This latest episode comes on the heels of that shock-and-awe TIME magazine breastfeeding cover last month, which had people up in arms for a multitude of reasons, and the Us Weekly item in March about Beyonce Knowles breastfeeding her newborn at a New York City restaurant. The common thread? That America freaks out any time boobs and breast milk make headlines, with many feeling obligated to weigh in with their thoughts, feelings and opinions on the matter. Begging the question … why?
The official military position is that the photo is an improper use of U.S. military uniforms. The women, Terran Echegoyen-McCabe and Christina Luna, posed for the picture as part of a photography series for a breastfeeding support group called Moms2Moms. Thing is, service members are not allowed to be pictured in uniform supporting a civilian cause. So the real issue is not that they breastfed in public or in uniform, but that they were photographed doing exactly that as part of a civilian initiative.

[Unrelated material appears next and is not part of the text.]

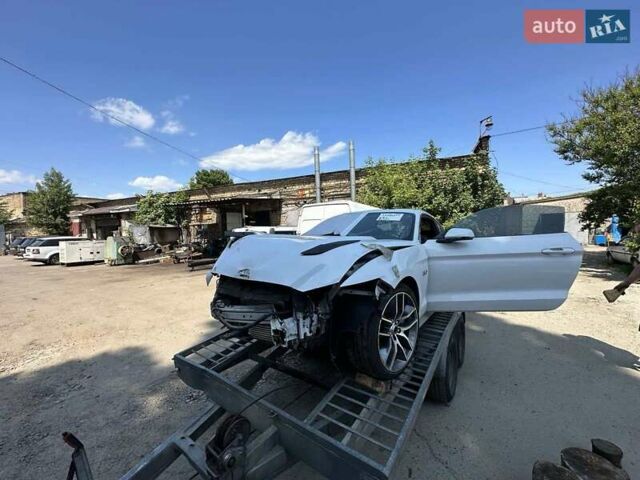 Форд Мустанг, объемом двигателя 2.26 л и пробегом 70 тыс. км за 12500 $, фото 4 на Automoto.ua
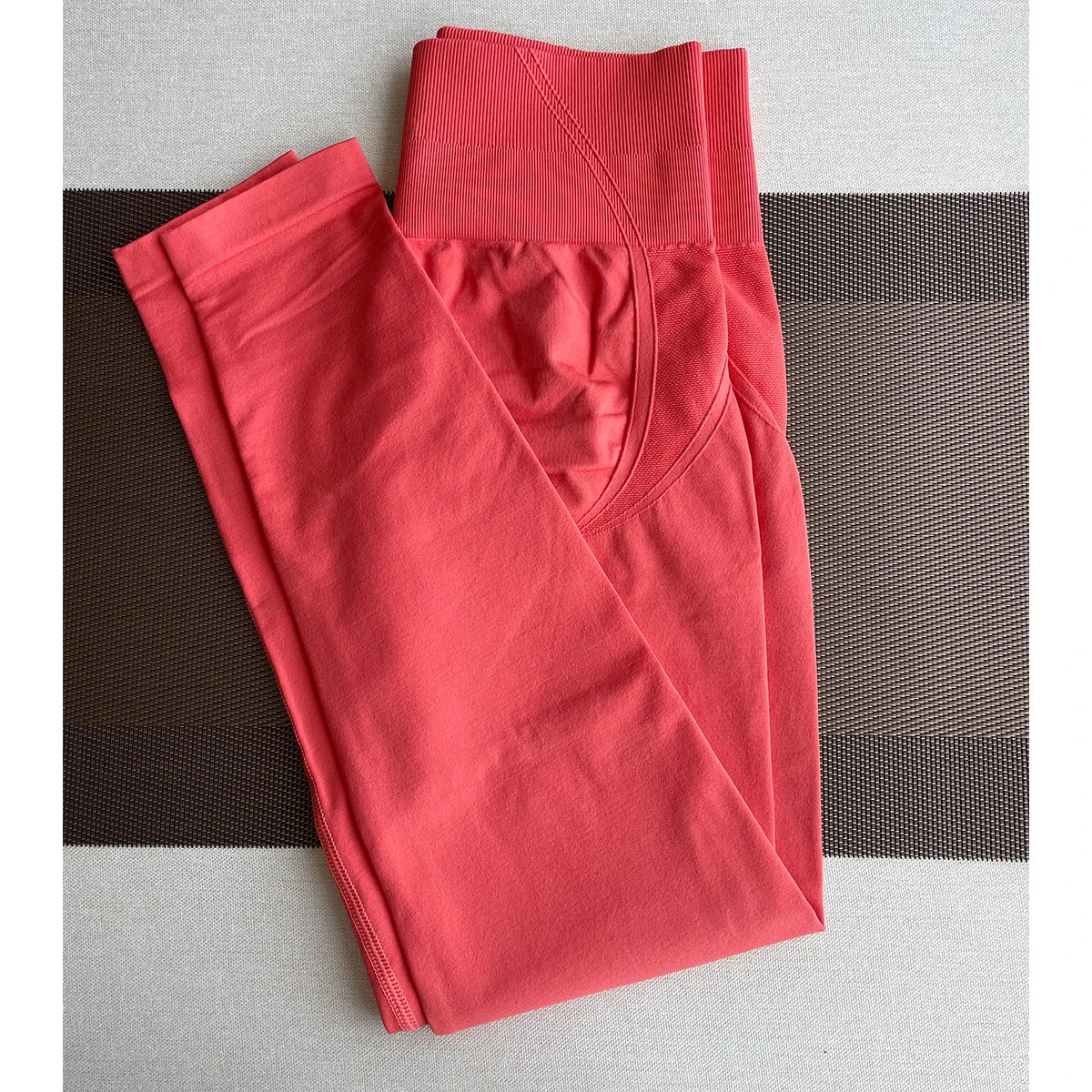 Naadloze yoga kleding met sculpt effect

Still, the general public has taken the opportunity to argue over the non-issues (of course), with some comparing in-uniform public breastfeeding to urinating and defecating in public. Um … what?
At the risk of sounding like a broken record, I have to ask what I hope you’re all thinking: Who cares? I honestly cannot wrap my mind around the fact that people have so many (loud!) opinions when it comes to breastfeeding, and when and where and how it should be done. When did we start parenting by democracy? What happened to moms deciding what’s best and appropriate for themselves and their own children—without input from the peanut gallery?
I brunched with a couple of young moms yesterday. One of the topics that came up was how often people stop them in public places to offer “advice” on something regarding their child. One said a woman stopped her at the grocery store recently when she saw her baby wasn’t wearing any socks. “Don’t you think her feet are cold?” the woman asked, knowingly.
“Probably,” my friend replied as she walked off in the other direction.
Sure, some situations require stepping in and speaking up, like if you see a mother beating up her child on the SEPTA train. But a missing sock in a grocery store? Or a mother nursing her kid in whatever clothes she happens to be wearing at the time? Please. People, find something else to talk about.